A note about variables and machine settings. Let's say you were going at the speed of 2.0 with an incline of 15%, for 20 minutes. Record this in your journal, along with your heart rate. Keep these numbers constant and notice what happens to your heart rate over the next couple of weeks. When you first start your heart rate might be at 110 bpm. After doing the same workout for a couple of weeks, you might have a heart rate of only 90. We can assume that your heart has gotten stronger, because it's able to pump more blood with less effort.
Eliminating all variables except one is a great strategy. In the above example, we turned every variable into a constant except for heart rate. You could also choose to keep heart rate as a constant and use another number as your variable. For example, maybe your variable is speed. In this case you would aim for a certain heart rate range, and see if you're able to stay in that range as you increase your speed. In this case you've progressed by doing more work with the same effort. Progress is the key with any fitness quest, whether cardio or lifting weights. Turn all your variables into constants except one, and track the progress of that variable over time.

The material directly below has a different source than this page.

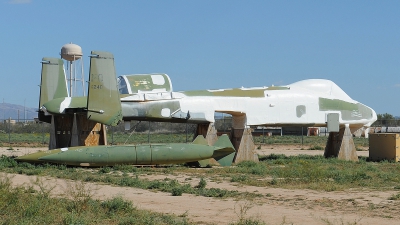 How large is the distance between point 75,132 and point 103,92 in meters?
2.73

One last thing. Always remember the importance of rest. The reason why fitness works is because of the rest time that you take after your workouts. Be sure to do some active recovery on your periodic rest days. Don't just sit on the couch watching TV.
Have fun with this. One very specific way to have fun is to realize that you don't need to push as hard as you think you do. This is not about "no pain no gain." It's not about Boot Camp's, the Navy SEALs, or "Hell Week" from high school. This is just you taking baby steps toward your fitness goals.